Start of Collected data

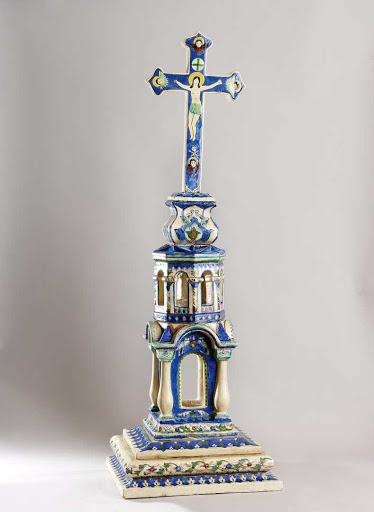 Crucifix and pedestal - Unknown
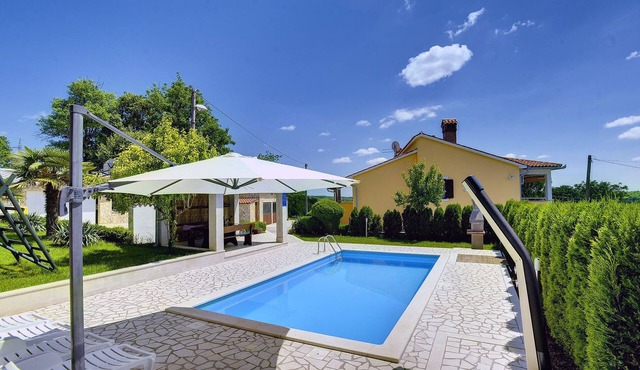 Villa in Bakši with Pool and Playground
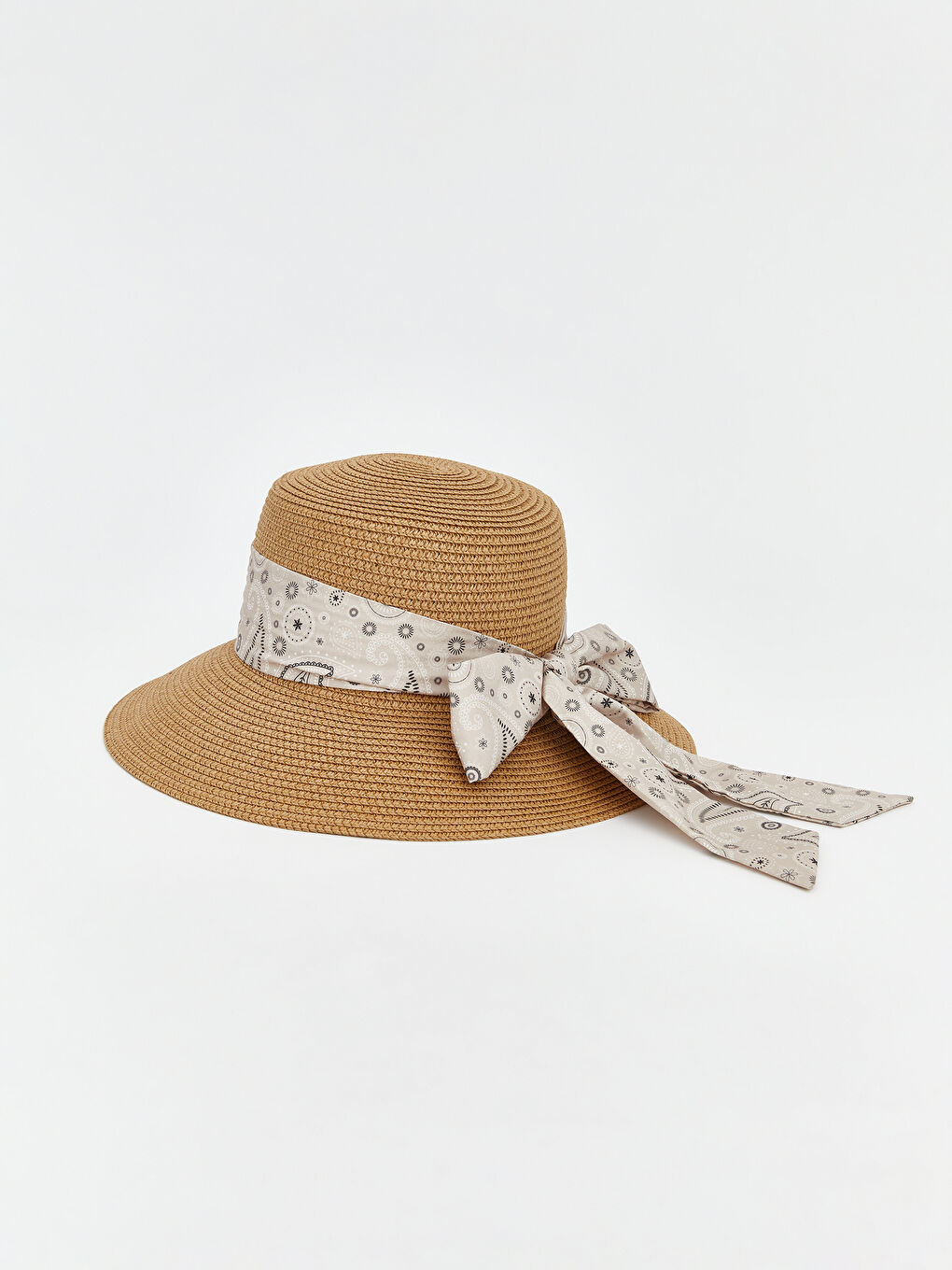 Bej Fular Detaylı Kadın Hasır Şapka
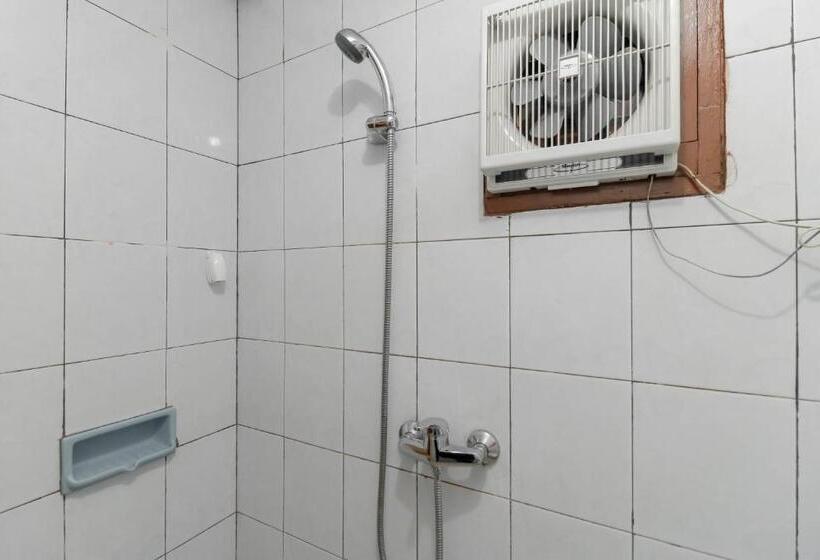 Полулюкс, Reddoorz Plus @ Karet Pedurenan 3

End of Collected data

To do
The result should be a verbatim copy of the data, free of pictures.

Answer section
 Crucifix and pedestal - Unknown
 Villa in Bakši with Pool and Playground
 Bej Fular Detaylı Kadın Hasır Şapka
 Полулюкс, Reddoorz Plus @ Karet Pedurenan 3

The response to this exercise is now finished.